Fogo Unia Leszno podejmowała na własnym torze drużynę Celfast Wilki Krosno w pierwszej kolejce PGE Ekstraligii. Spotkanie zakończyło się minimalną wygraną gospodarzy 46:44. Grzegorz Zengota w wypowiedzi pomeczowej podsumował swój występ.

-Jestem mega zadowolony, ponieważ są dwa punkty na naszym koncie. Oczywiście przed tym spotkaniem liczyliśmy na większą zaliczkę punktowa, ale jak nie ma tego co się chce to trzeba się cieszyć z tego co się ma i ważnie jest to że otwieramy ten sezon zwycięstwem – podsumował Grzegorz Zengota.

Wynik spotkania rozstrzygnął się dopiero w ostatnim biegu, w którym to właśnie Zengota wystąpił wraz z Kołodziejem, a ich rywalami byli Milik i Lebiediew.

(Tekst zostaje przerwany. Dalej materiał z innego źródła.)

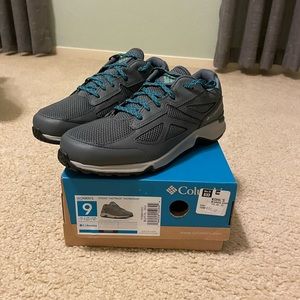 NEW Columbia Vitesse Fasttrack Waterproof woman’s shoes🌺 Size 9
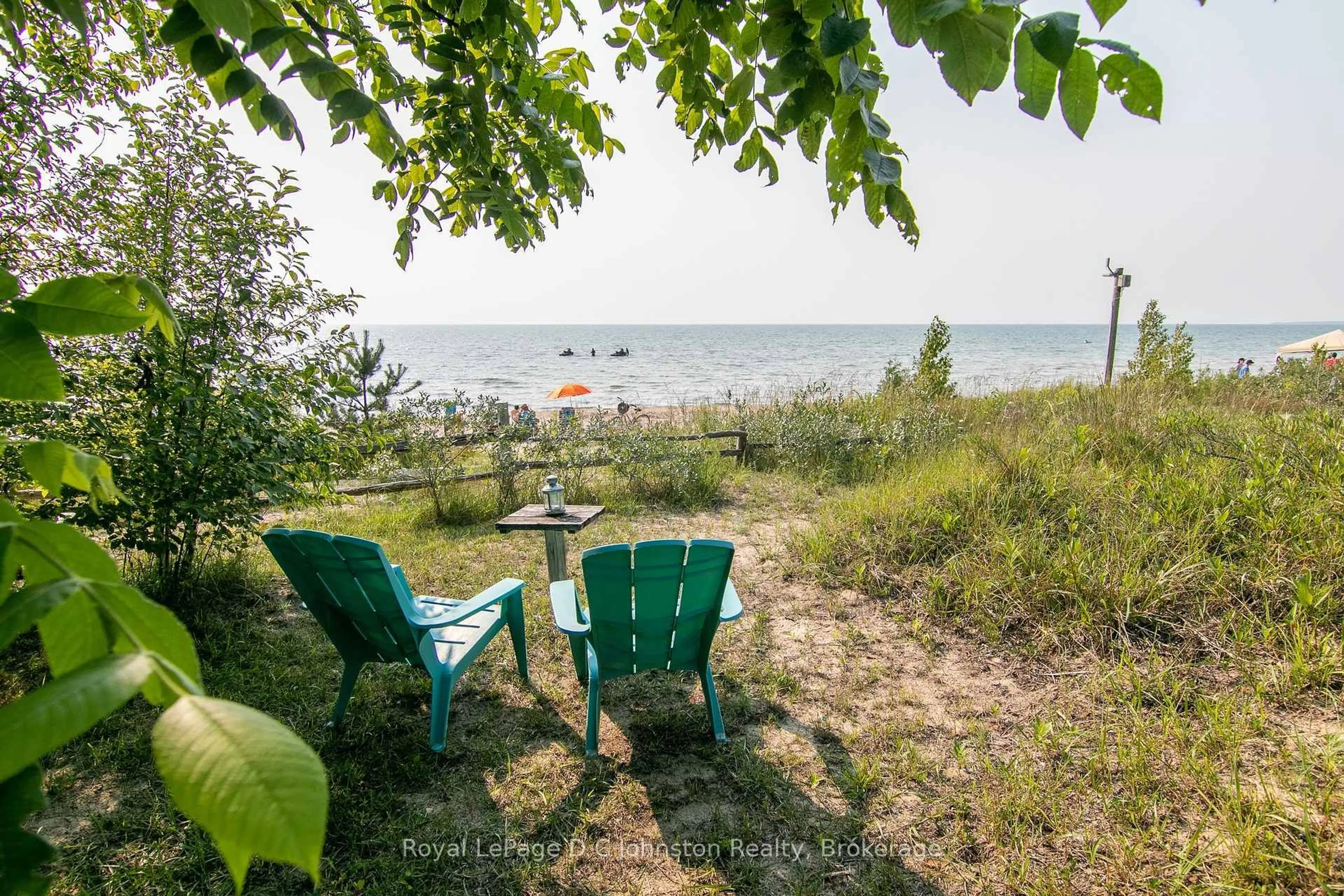 Patio, water/lake/river/ocean view for 105 5th Ave, Native Leased Lands Ontario N0H 2L0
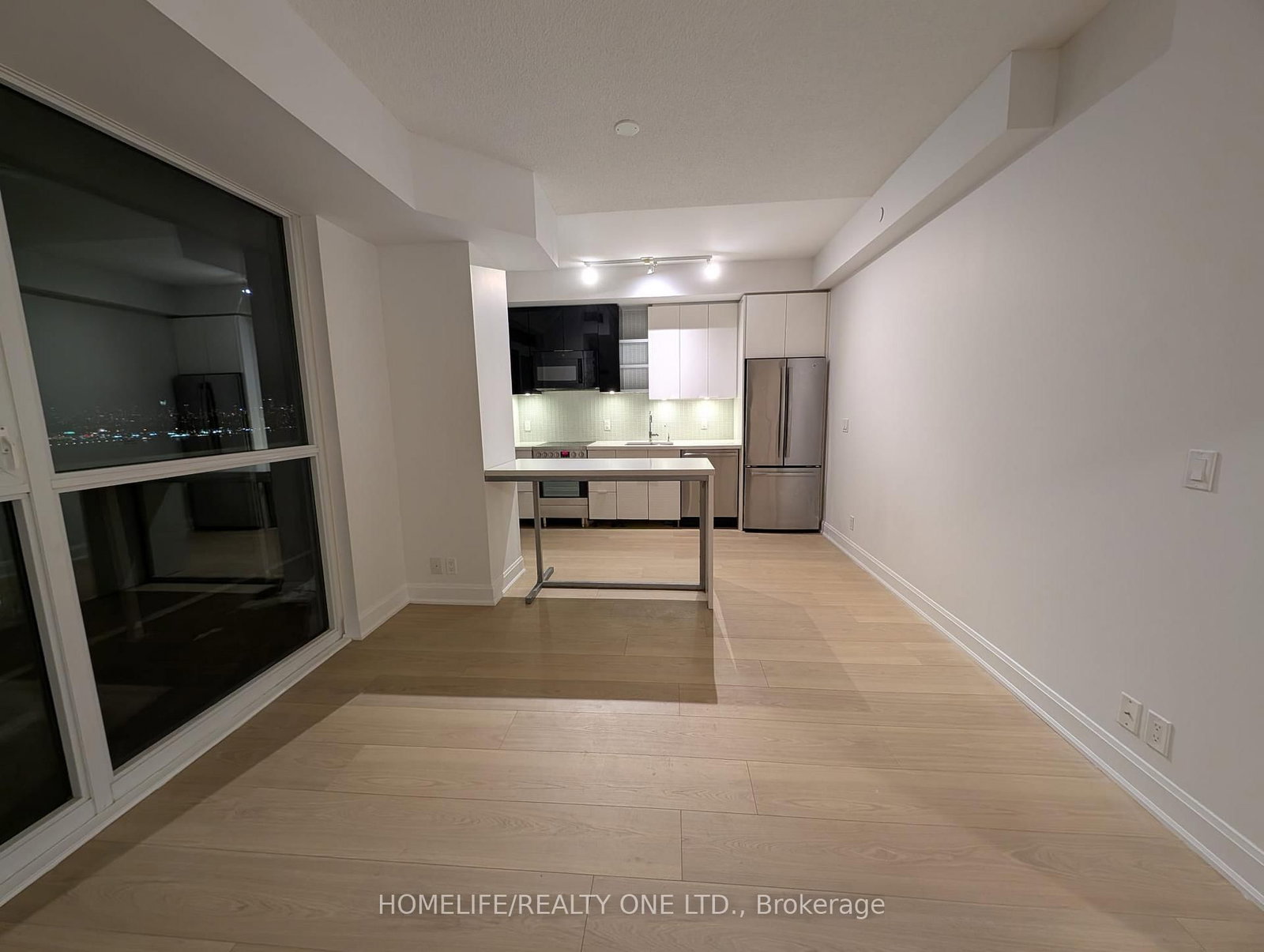 33 Shore Breeze Drive, Unit 3108 - Photo 4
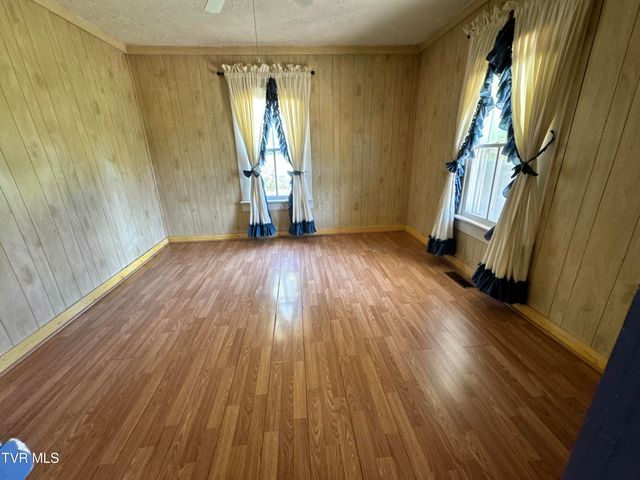 713 Rollers Alley, Bristol, TN 37620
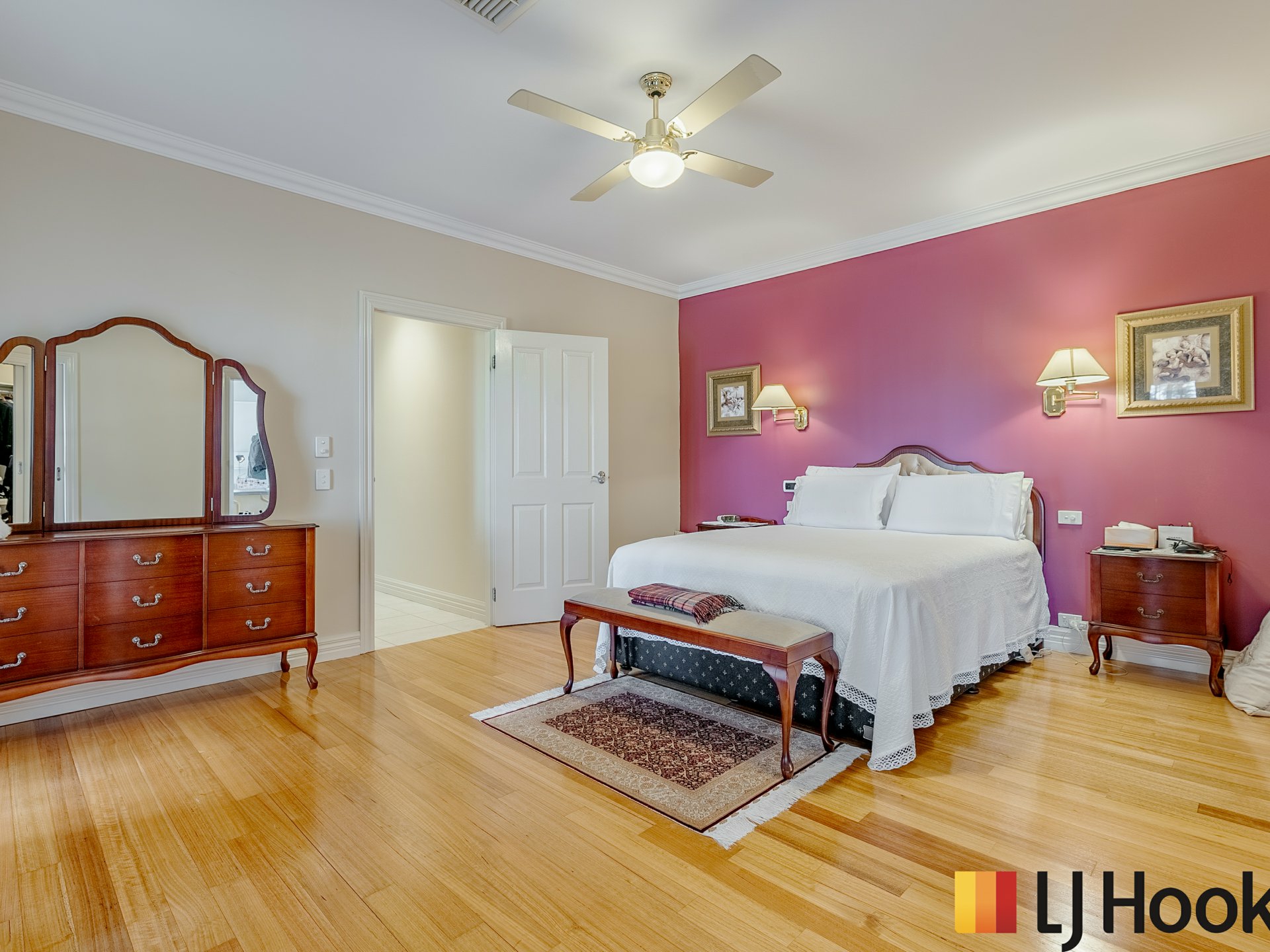 10 Rolling Meadows Drive — photo 15 of 30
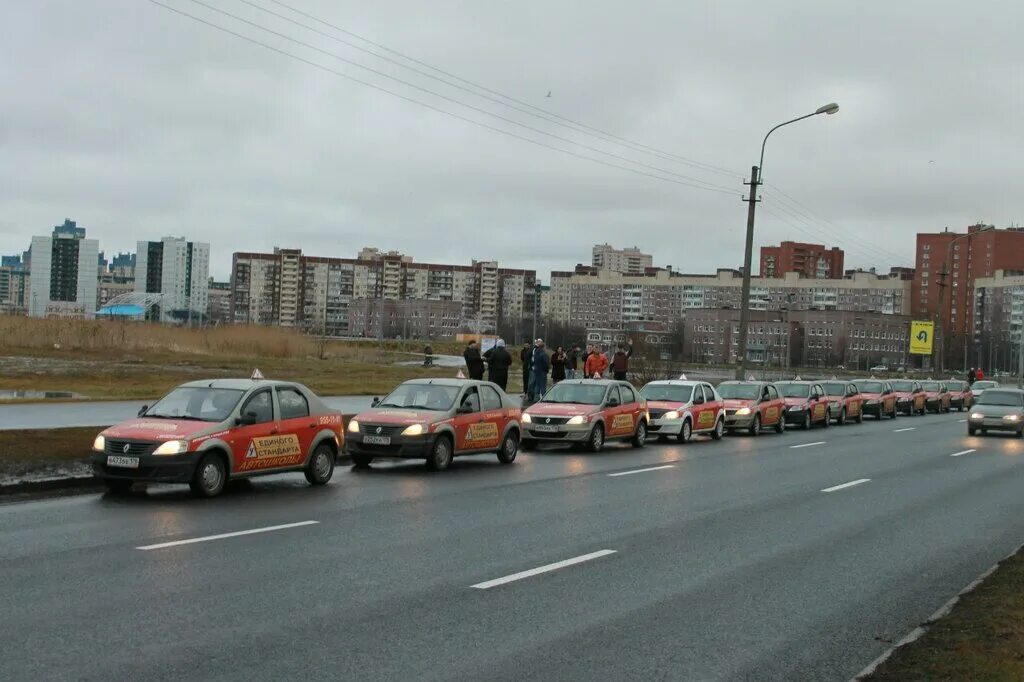 Автошкола комендантский проспект. Автошкола 4 колеса санкт-петербург. Автошкола петроградская. Автошкола комендантский проспект. Современные классы.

– Wiedzieliśmy jakiej wagi to jest wyścig. Miałem wewnętrzne pole, a z niego nie jest tak łatwo  dobrze wyjechać. Wprowadziliśmy korekty po powszednim wyścigu który był słabszy i przyniosło ono dobry efekt. Ze startu wyskoczyłem, a jak się go wygra to potem jest łatwiej wybierać te najlepsze ścieżki. Wiedziałem też że do tego nasypanego mam daleko, dlatego kurczowo przytrzymałem krawężnik, a na wejściu w drugi łuk pojechałem już do nasypanego – powiedział po zawodach Grzegorz Zengota.